DIRECTIONS FOR THIS TASK:
With the pictures left out, set down the line containing "RARE FIND! Antique" and each line after it to the end of the material, exactly as written.

DATA SECTION:
________________________
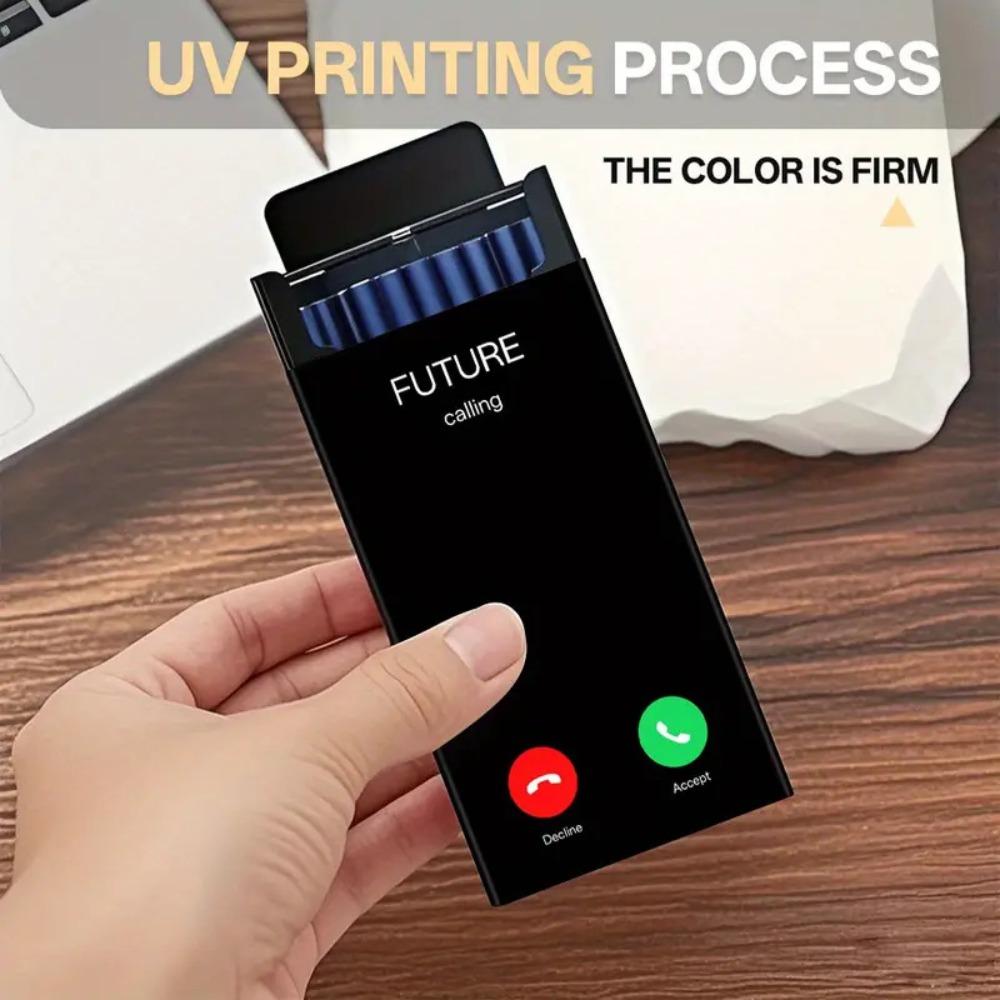 Phone Cases - Estojo de cigarros metálico e fino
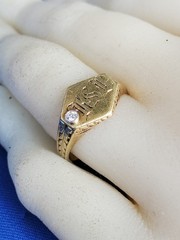 RARE FIND! Antique Victorian Girls 14k Gold Baby’s Ring DIAMOND Floral SIZE 6.5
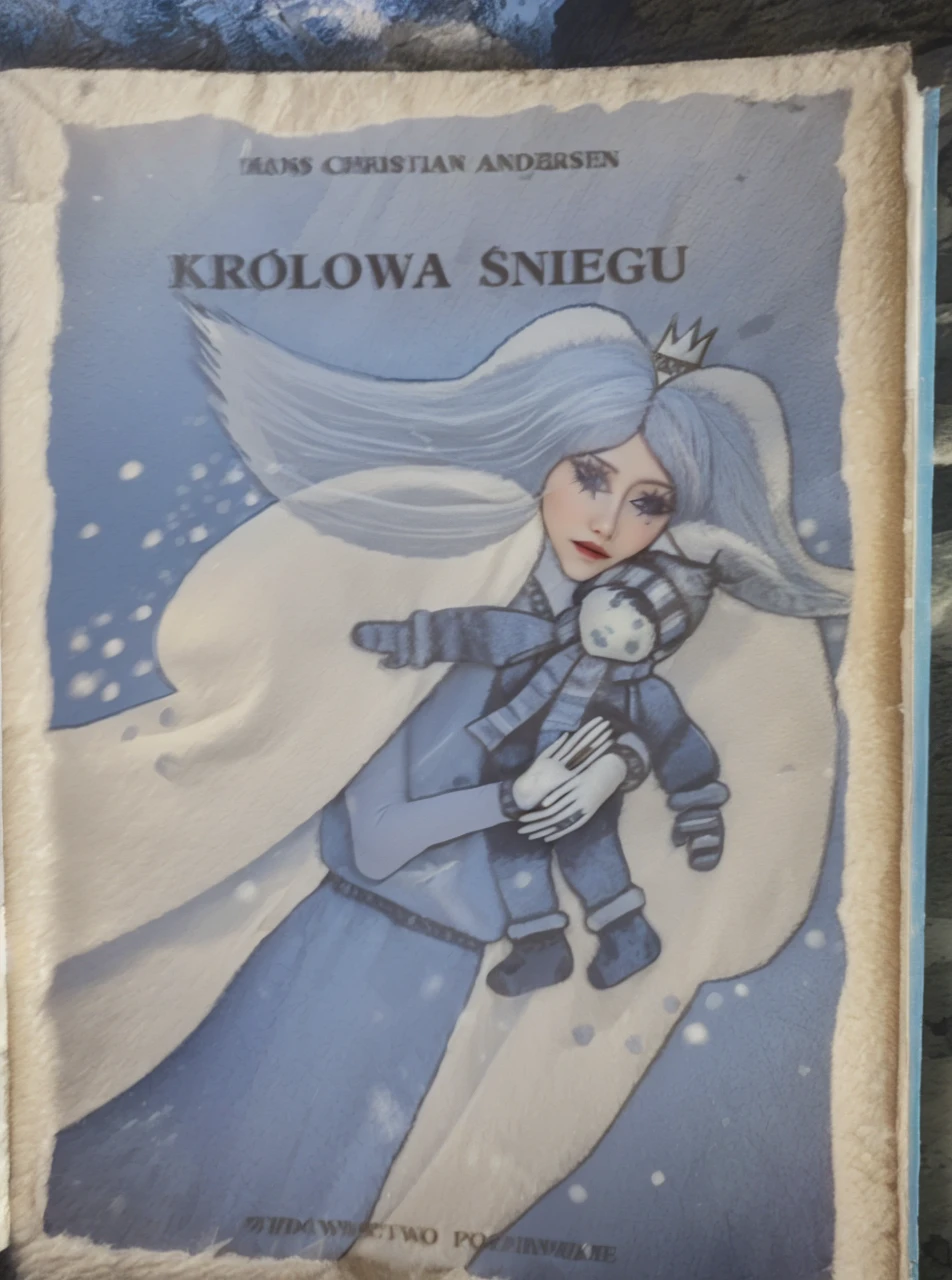 The Snow Queen fairytale , snow queen in white soft fox fur coat, real snow queen, snow queen hug in fur coat wrapped around her fur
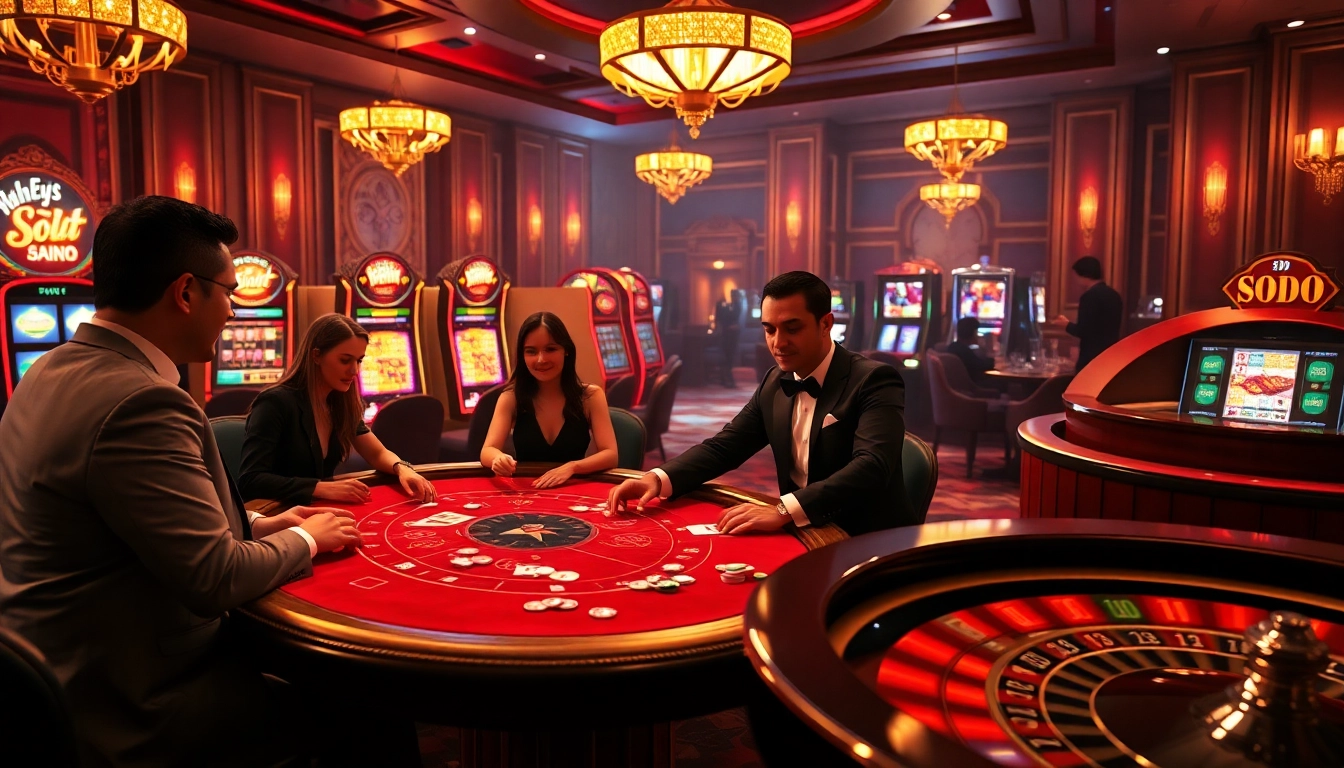 SODO Casino players enjoying blackjack with vibrant lights from slot machines in a luxurious setting.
________________________
SOLUTION FOR THIS PROBLEM:
 RARE FIND! Antique Victorian Girls 14k Gold Baby’s Ring DIAMOND Floral SIZE 6.5
 The Snow Queen fairytale , snow queen in white soft fox fur coat, real snow queen, snow queen hug in fur coat wrapped around her fur
 SODO Casino players enjoying blackjack with vibrant lights from slot machines in a luxurious setting.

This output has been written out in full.